Bionyra's Ambitious Entry into Inflammatory Disease Biologics

The emergence of Bionyra with significant funding and a pipeline focused on novel biologics for immune diseases signals a dynamic shift in how the pharmaceutical industry is approaching complex inflammatory conditions. At the heart of Bionyra's strategy are two assets targeting the TL1A pathway, a cytokine-receptor system increasingly recognized for its pivotal role in driving inflammation and fibrosis across a spectrum of autoimmune disorders, particularly inflammatory bowel disease (IBD). Recent clinical trials with other anti-TL1A antibodies have shown promising results in ulcerative colitis, validating this target and setting a high bar for new entrants.

Bionyra's approach with both a traditional monoclonal antibody (BYN-002) and a bispecific antibody (BYN-003) that also targets IL-23 is particularly intriguing. This bispecific design could offer a significant advantage by simultaneously modulating two key inflammatory drivers, potentially leading to more robust and sustained clinical responses. This multi-pronged attack on inflammation could be crucial in patient populations who do not respond adequately to single-target therapies. Furthermore, the company's diversification into atopic dermatitis with an anti-IL-25 monoclonal antibody (BYN-001) demonstrates a strategic breadth, addressing another high-unmet-need area with a distinct mechanism of action.

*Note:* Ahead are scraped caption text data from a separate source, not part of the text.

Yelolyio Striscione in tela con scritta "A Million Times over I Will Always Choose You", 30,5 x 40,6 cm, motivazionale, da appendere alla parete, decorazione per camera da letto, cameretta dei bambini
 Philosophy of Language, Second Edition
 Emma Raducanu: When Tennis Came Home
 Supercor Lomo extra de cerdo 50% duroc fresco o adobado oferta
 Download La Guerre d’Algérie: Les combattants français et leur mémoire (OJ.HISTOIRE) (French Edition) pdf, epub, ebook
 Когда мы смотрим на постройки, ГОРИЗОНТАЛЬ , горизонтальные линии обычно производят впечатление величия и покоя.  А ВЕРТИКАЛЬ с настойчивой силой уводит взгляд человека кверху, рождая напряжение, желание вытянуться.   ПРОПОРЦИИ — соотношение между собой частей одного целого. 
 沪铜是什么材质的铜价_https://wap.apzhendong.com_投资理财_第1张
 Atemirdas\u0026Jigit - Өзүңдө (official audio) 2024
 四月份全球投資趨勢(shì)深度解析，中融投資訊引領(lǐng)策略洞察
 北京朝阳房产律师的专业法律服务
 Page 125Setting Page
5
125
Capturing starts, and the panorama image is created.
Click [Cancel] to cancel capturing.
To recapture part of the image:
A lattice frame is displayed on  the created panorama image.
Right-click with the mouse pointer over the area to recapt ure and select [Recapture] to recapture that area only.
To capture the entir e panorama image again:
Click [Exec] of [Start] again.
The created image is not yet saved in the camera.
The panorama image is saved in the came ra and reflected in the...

However, the path forward is not without its challenges. The literature highlights a notable risk of immunogenicity with anti-TL1A therapies, where patients can develop anti-drug antibodies that may reduce drug efficacy. Bionyra will need to demonstrate a favorable immunogenicity profile or develop strategies to mitigate this risk. Moreover, the competitive landscape for TL1A inhibitors is rapidly evolving, with several other agents already in advanced clinical development. Bionyra's success will hinge on its ability to differentiate its assets through superior efficacy, safety, or by identifying specific patient populations most likely to benefit, potentially through companion diagnostics. The complexity of the TL1A/DR3 pathway itself, with its varied roles and interactions, also underscores the need for deep mechanistic understanding to optimize therapeutic outcomes.